Exercise directions
Could you transcribe every record below exactly, leaving out the pictures?

** Records for the exercise follows **

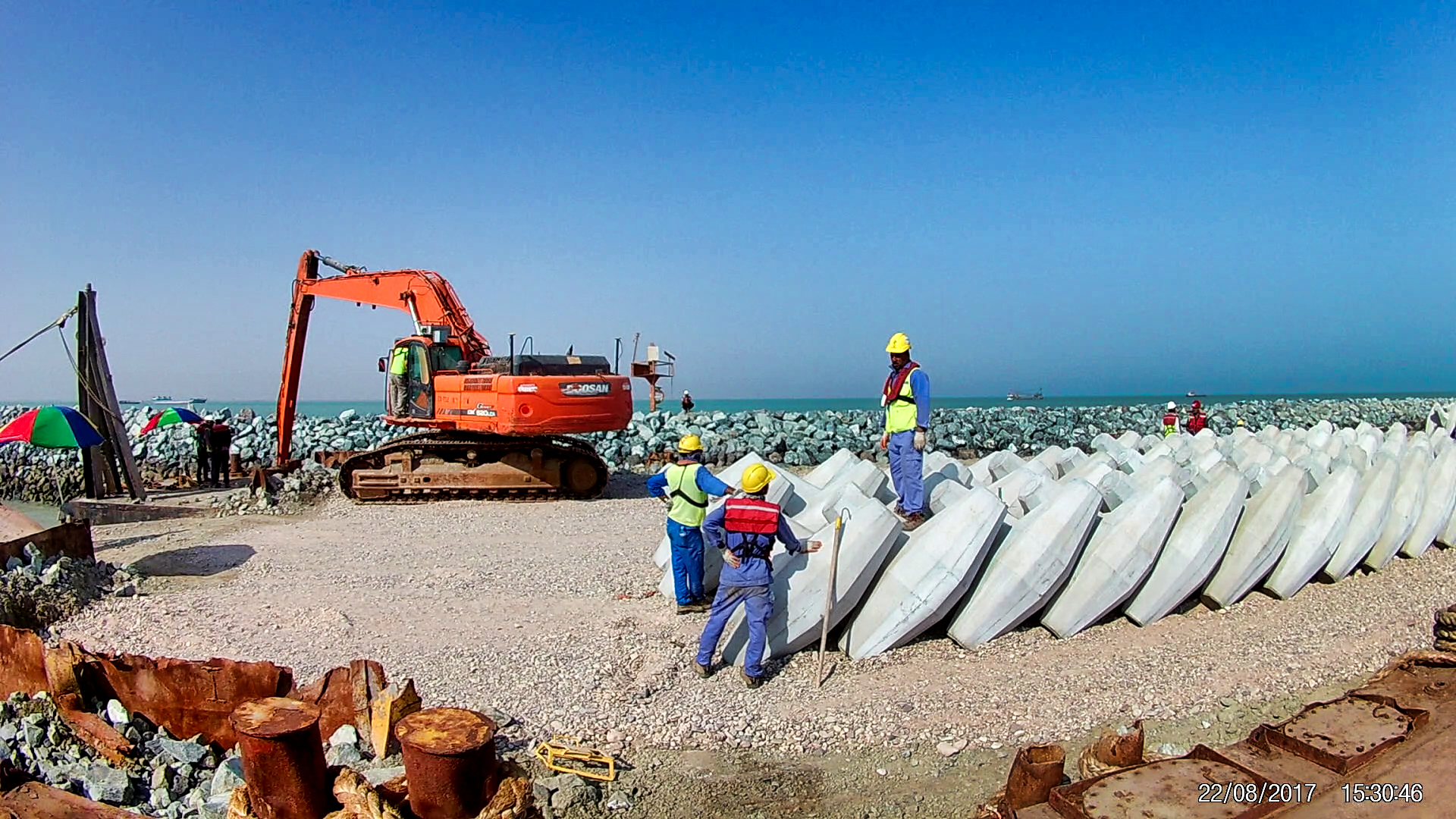 Barge with crane placing armour units on the Al Faw breakwater construction site in Iraq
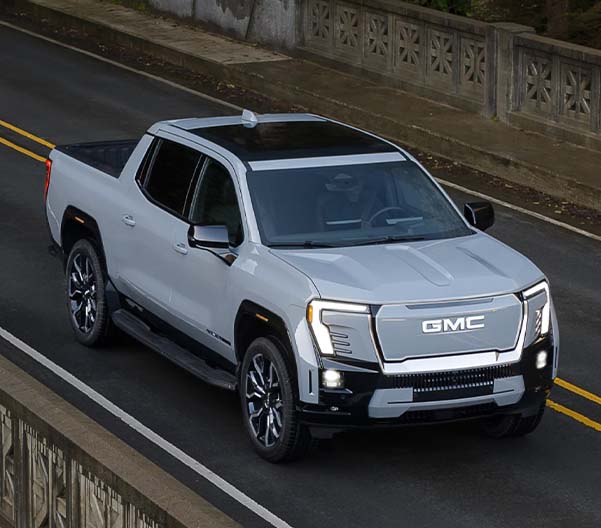 Silver blue 2025 GMC Sierra EV parked along a highway road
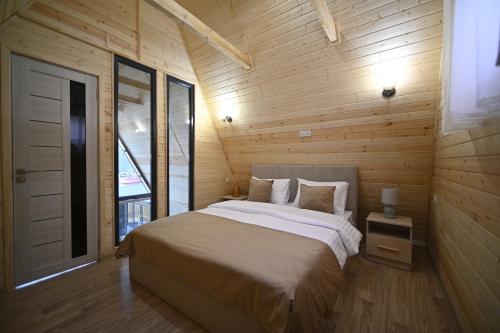 a bedroom with a bed and a wooden wall at Avra Resort Tsaghkadzor in Tsaghkadzor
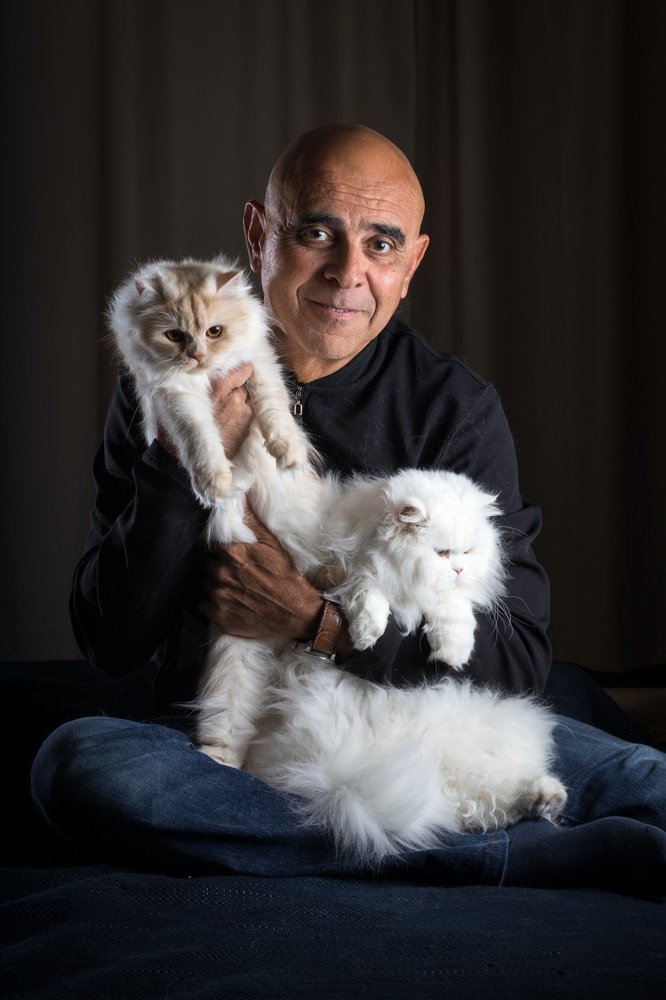 Men with persian cats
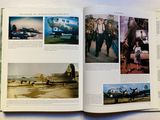 a book with pictures of military planes on the pages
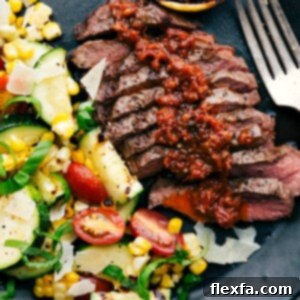 Simple & Delicious Flat Iron Steak 3 Sliced grilled flat iron steaks, generously topped with sun-dried tomato sauce, served with a side of grilled corn and zucchini salad, creating a hearty and delicious meal.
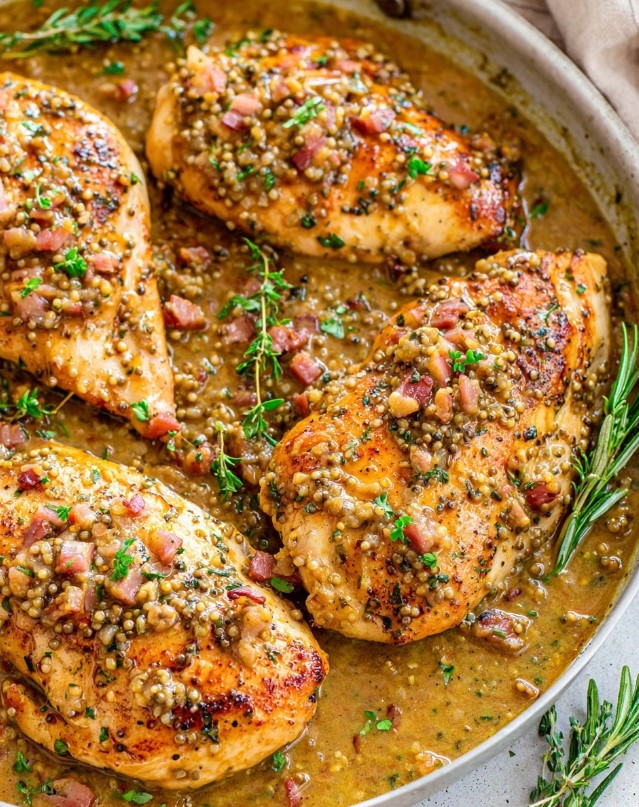 The final stage before serving, the chicken is cooked and covered in a thick creamy mustard sauce and garnished with herbs and bacon.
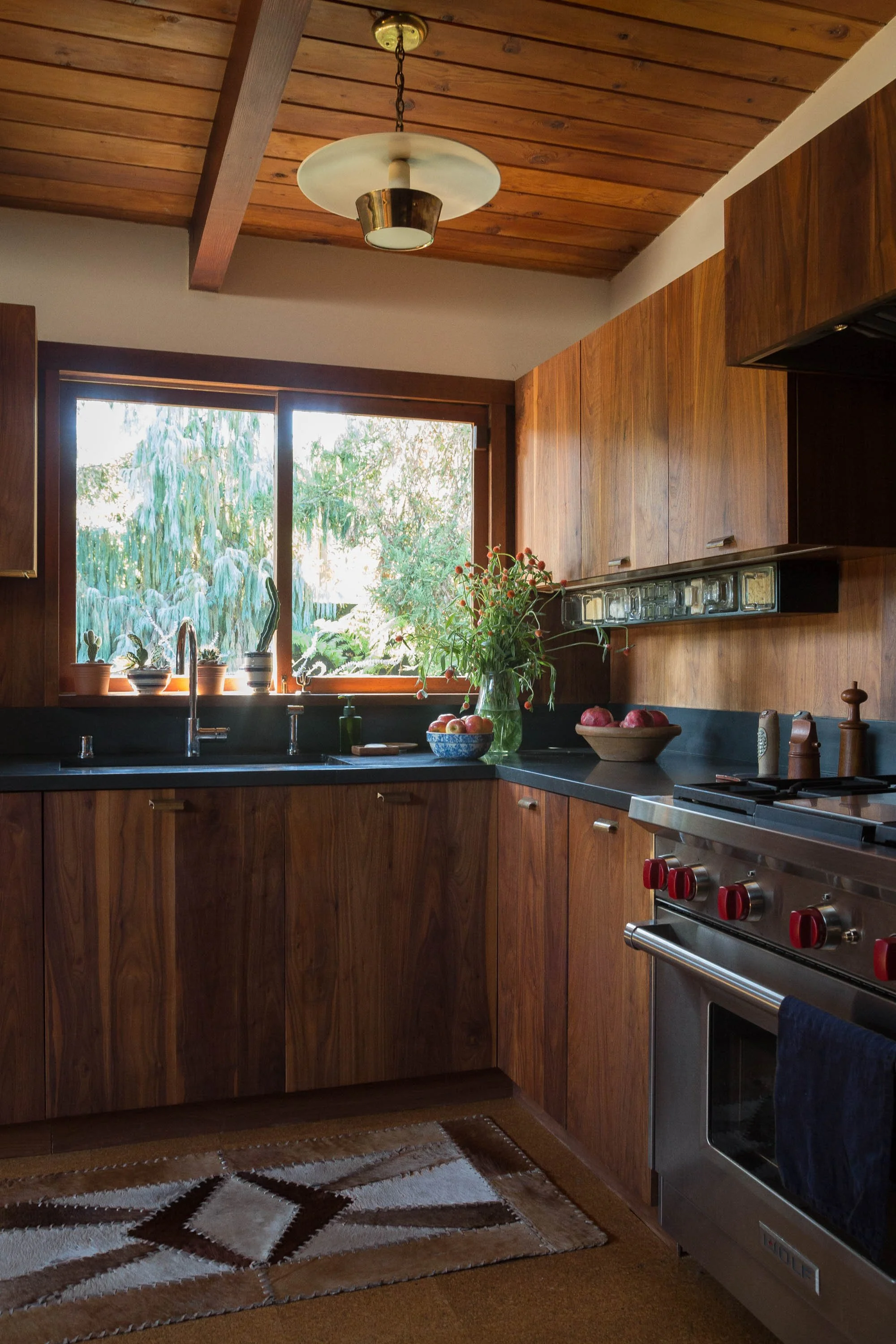 A cozy kitchen with wooden cabinets, a black countertop, a window with a view of greenery, potted plants, a vase with flowers, bowls of apples, and a stainless steel stove with red knobs.
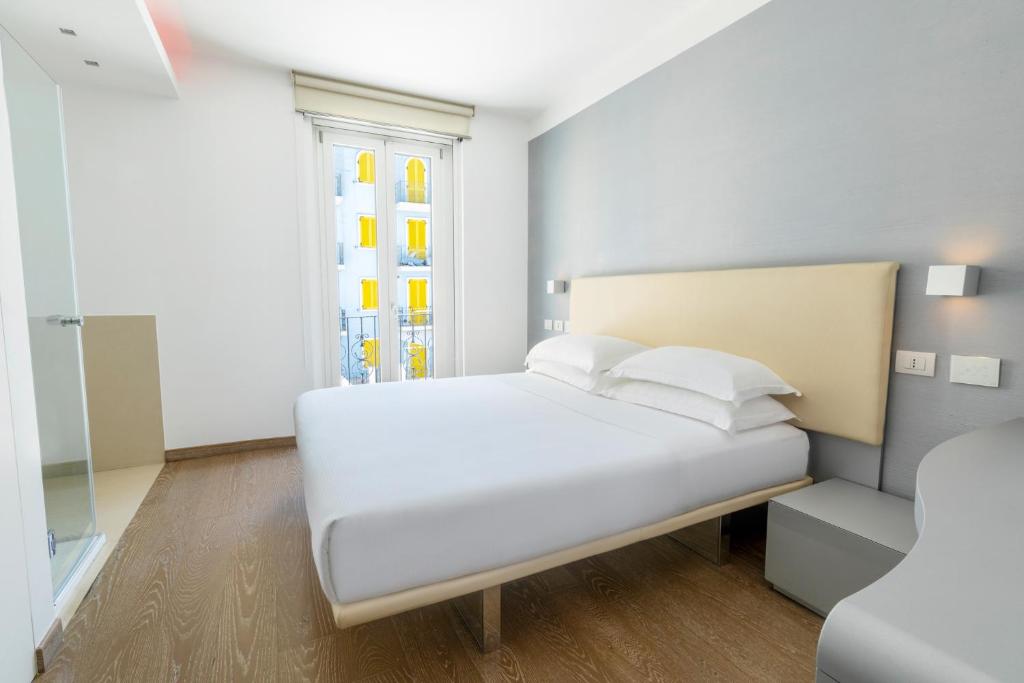 Postel nebo postele na pokoji v ubytování Life Hotel Seaview & Spa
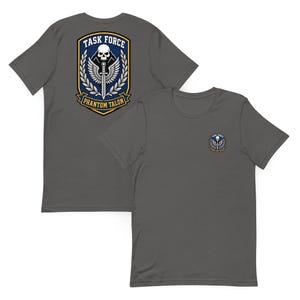 Può includere: Due magliette grigie con l'emblema "Task Force Phantom Talon". L'emblema presenta un teschio, una spada e ali, con testo in un design a scudo. Una maglietta mostra l'emblema sul davanti, l'altra sul retro.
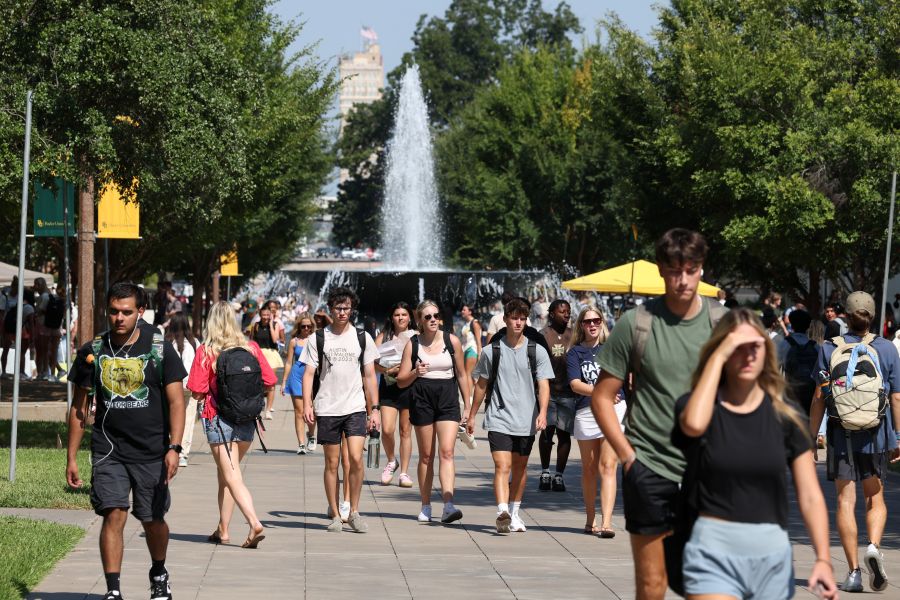 Baylor University students walk to classes on Fifth Street with Rosenbalm Fountain in the background.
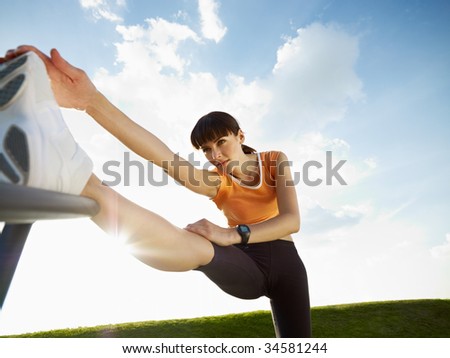 woman doing stretching outdoors at sunset. Low angle view, copy space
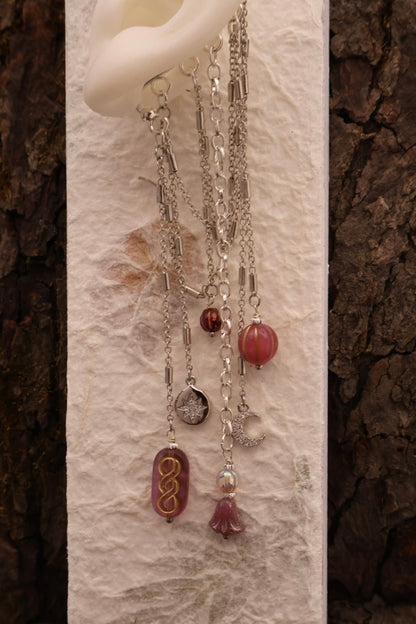 Necklace with various pendants on a textured white surface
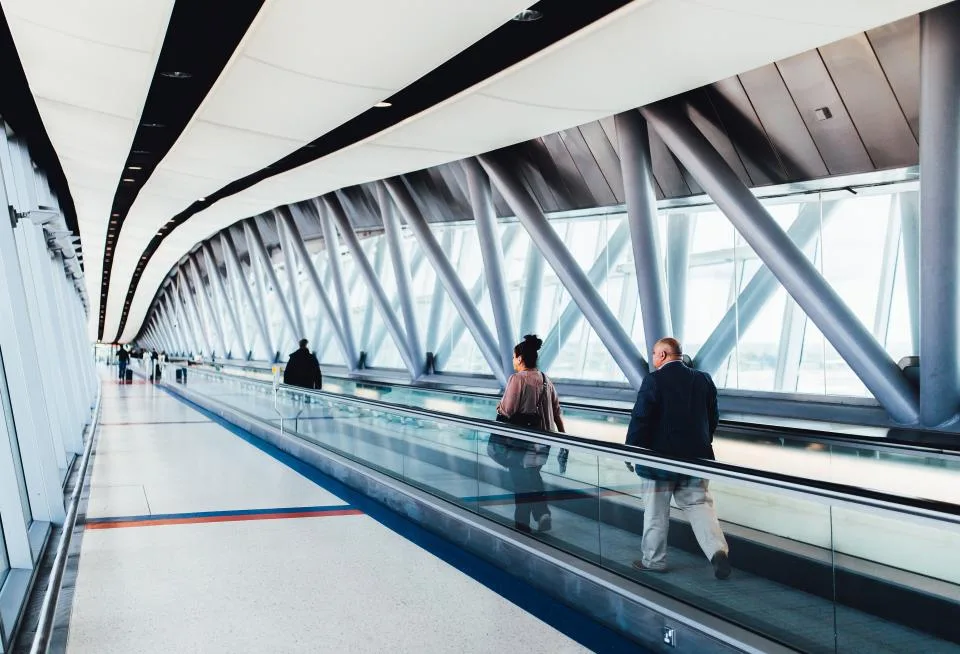 Corredor envidraçado de aeroporto com esteira rolante e passageiros de costas ao fundo, ilustrando a autorização de viagem ao exterior de filhos de pais separados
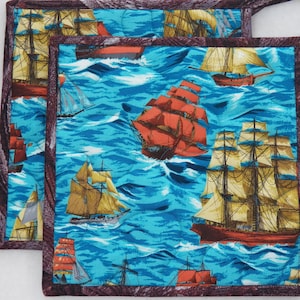 May include: Two square pot holders with a nautical theme. The fabric features a pattern of sailing ships on a blue ocean. The ships are in shades of red, yellow, and brown. The edges are trimmed with a dark brown fabric.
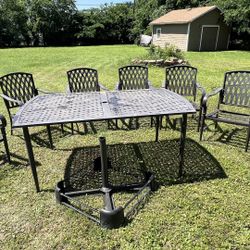 7-piece patio dining set. It is in need of paint and shows some rust due to the lack of paint protection. Brand: Hampton Bay.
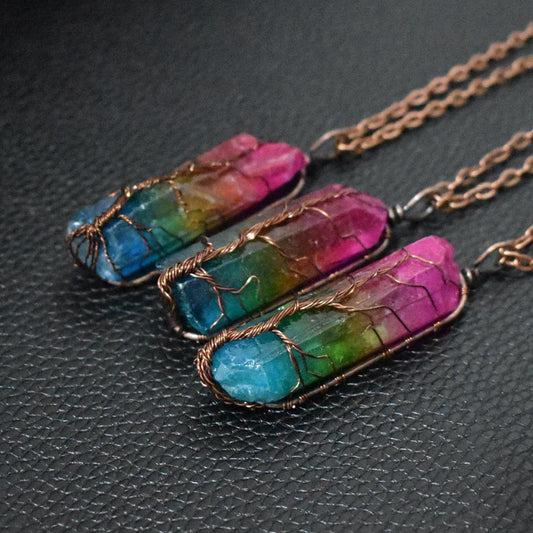 Mandotos stone crystal Pillar Tree of Life pendant necklace with intricate design, showcasing a stunning fashion jewelry piece.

** End of Records for the exercise **

Answer to the exercise
 Barge with crane placing armour units on the Al Faw breakwater construction site in Iraq
 Silver blue 2025 GMC Sierra EV parked along a highway road
 a bedroom with a bed and a wooden wall at Avra Resort Tsaghkadzor in Tsaghkadzor
 Men with persian cats
 a book with pictures of military planes on the pages
 Simple & Delicious Flat Iron Steak 3 Sliced grilled flat iron steaks, generously topped with sun-dried tomato sauce, served with a side of grilled corn and zucchini salad, creating a hearty and delicious meal.
 The final stage before serving, the chicken is cooked and covered in a thick creamy mustard sauce and garnished with herbs and bacon.
 A cozy kitchen with wooden cabinets, a black countertop, a window with a view of greenery, potted plants, a vase with flowers, bowls of apples, and a stainless steel stove with red knobs.
 Postel nebo postele na pokoji v ubytování Life Hotel Seaview & Spa
 Può includere: Due magliette grigie con l'emblema "Task Force Phantom Talon". L'emblema presenta un teschio, una spada e ali, con testo in un design a scudo. Una maglietta mostra l'emblema sul davanti, l'altra sul retro.
 Baylor University students walk to classes on Fifth Street with Rosenbalm Fountain in the background.
 woman doing stretching outdoors at sunset. Low angle view, copy space
 Necklace with various pendants on a textured white surface
 Corredor envidraçado de aeroporto com esteira rolante e passageiros de costas ao fundo, ilustrando a autorização de viagem ao exterior de filhos de pais separados
 May include: Two square pot holders with a nautical theme. The fabric features a pattern of sailing ships on a blue ocean. The ships are in shades of red, yellow, and brown. The edges are trimmed with a dark brown fabric.
 7-piece patio dining set. It is in need of paint and shows some rust due to the lack of paint protection. Brand: Hampton Bay.
 Mandotos stone crystal Pillar Tree of Life pendant necklace with intricate design, showcasing a stunning fashion jewelry piece.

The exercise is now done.